Chesney explained the song’s meaning: “‘Come Over'” is about two people who are as broken as their relationship is, when they realize deep down that their time together has probably ran its course, but they aren’t really ready to emotionally or physically move on to something else,” he said. “They keep going back to each other because it’s familiar. It’s about emotionally feeling wanted in a moment, but it feels impossible to let anybody else fill that void.

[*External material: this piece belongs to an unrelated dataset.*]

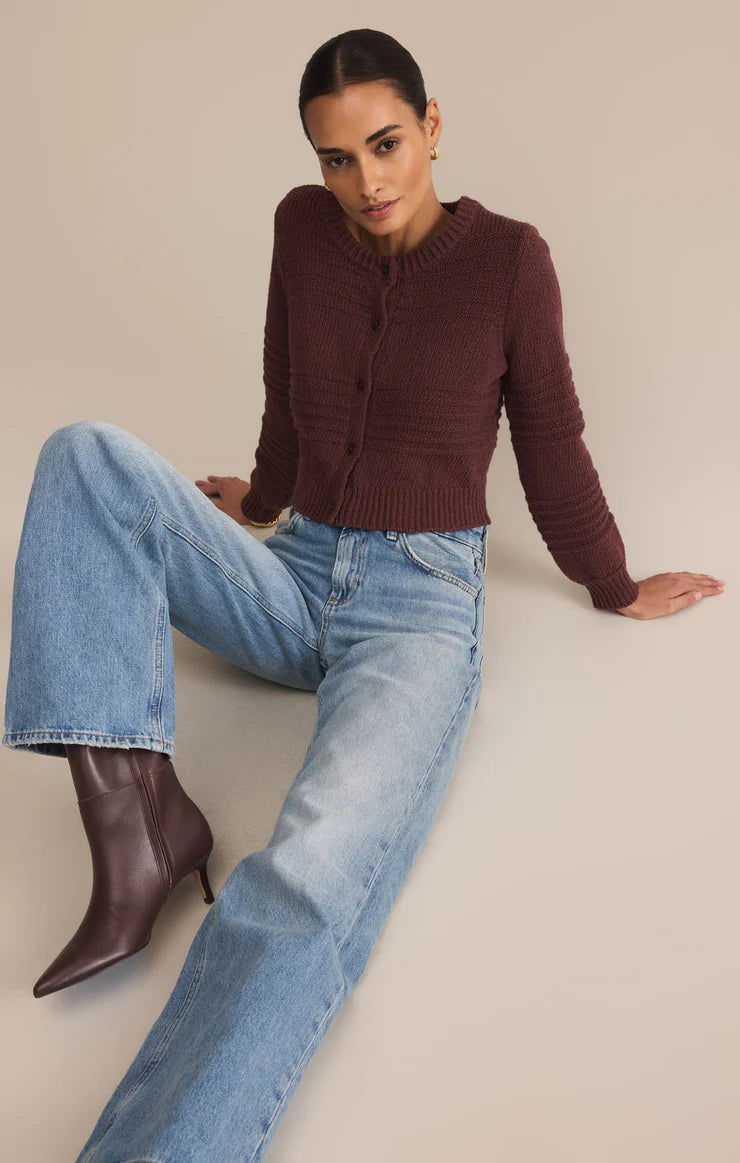 BETWEEN THE LINES CARDIGAN-SANDLEWOOD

It’s a really sexy song with lyrics that are incredibly universal.”
The song’s video was filmed it off the coast of Florida and directed by Chesney’s longtime collaborator Shaun Silva. “‘Come Over’ is the most intimate journey I’ve captured of Kenny in the 10 years we’ve been making music videos together,” said the director. “It’s clear within the first five seconds of this video that Kenny is committed to his character in the video and was more than willing to open up to the vulnerabilities associated with this tortured love story. The music video was finished in black-and-white, delivering a strikingly timeless and cinematic result.”

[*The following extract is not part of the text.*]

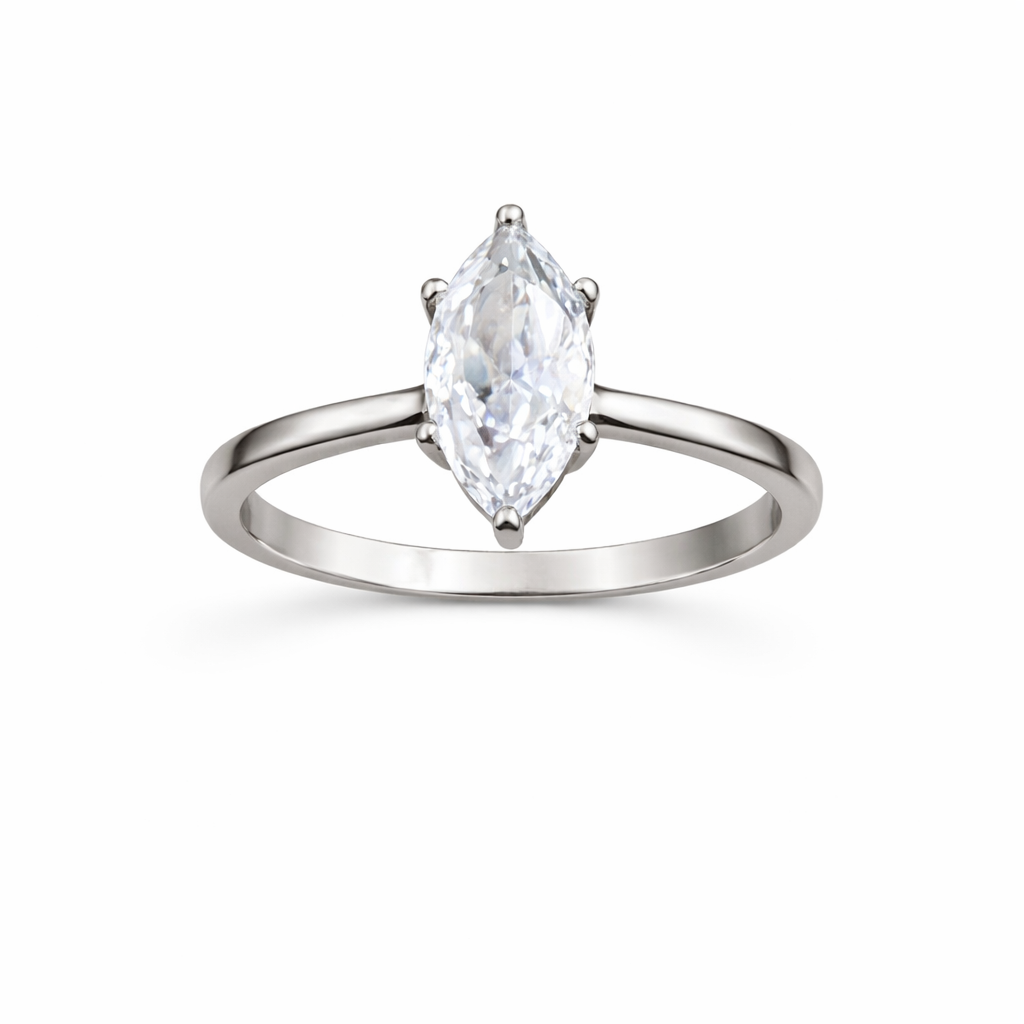 Markiz Taşlı Gümüş Rengi Elara Yüzük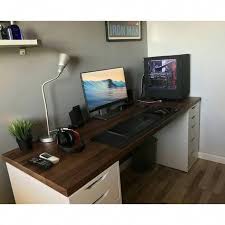 Ikea Karlby Countertop In Walnut Color Resting On Two Ikea Alex Drawer Units Pc Builds And Setups P Diy Computer Desk Modern Computer Desk Home Office Setup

According to Chesney, this is a “classy booty call song,” and the video has the same concept. He explained to CMT News: “We’ve all been in those situations when we know we’re not going to [continue to] be with that person we have been with for a while. The relationship is over, done, run its course. But you aren’t really ready to move onto somebody else emotionally, mentally or physically. So what do we do? We ‘come over.’ (Holds hand up to ear), ‘I know you hate me and I hate you too … but come over! We don’t have to fix each other, so come over.’ We know we’re screwed up. So we took that situation and made the video. It’s a very sexy video.”

Chesney owns the the 86-foot Riva Domino speedboat that features in the video.
When the three songwriters first got together they didn’t really have the song title or its concept in mind. However, Osborne explained to Taste of Country that Hunt, “sort of had that phrasing on the verse,” so the trio “started jammin’ on that.” They, “talked about how it would be cool to have a song that kind of repeats the same chord progression throughout the whole song,” he continued, “but change the melodies around it. So we started messing around with that verse, and we still didn’t quite know what the hook was. It felt like the idea was these two people weren’t together, but couldn’t be apart.”

When the trio got to the chorus, they fell onto the “I told you I wouldn’t call. I told you I wouldn’t care” lyric, which they felt would be a cool opening line. “It was very rare that we wrote that long without having a title,” said Osborne. “We got near the end of the chorus, and I think Shane said, ‘What if it was just like a simple title like ‘Come Over,’ about these two people who know each other well, and finally the guy says to come over? But what if we said it a bunch of times like he was pleading with her?’ Then we felt like we had something.”

Osborne concluded that the song, “just organically fell out.” He added: “A lot of times you have an idea or you have a concept or a melody or some place that you start. All we really had was Sam’s phrasing of the verse, but we loved the vibe of it. We just thought, ‘Let’s play with it for a while.'”
The song took 11 weeks to climb to the top of the Country chart, giving Chesney his 24th #1 hit.
Speaking with Billboard magazine, Sam Hunt recalled. “When I bought a guitar after graduating high school, one of his (Chesney’s) songs was the first song I learned to play. It was a song called ‘What I Needed to Do’ and it was extra-special because I still have that same guitar and worked on ‘Come Over’ on that same guitar.”
This was the first big hit that Sam Hunt contributed towards. At the time he was experimenting with ways to mix more modern beats and tones with the narrative and wordplay that define the best country music. Some of the other songwriters were sceptical, but when Chesney recorded this tune and it topped the country chart, he sensed that he was on to something. Hunt told Billboard: “When we wrote that song a lot of people told us that it wasn’t a country song or that it couldn’t work in country music and to have somebody as big as Kenny Chesney endorse that style and get it out there to people, that was huge as far as moving forward with that sound that I was working on.”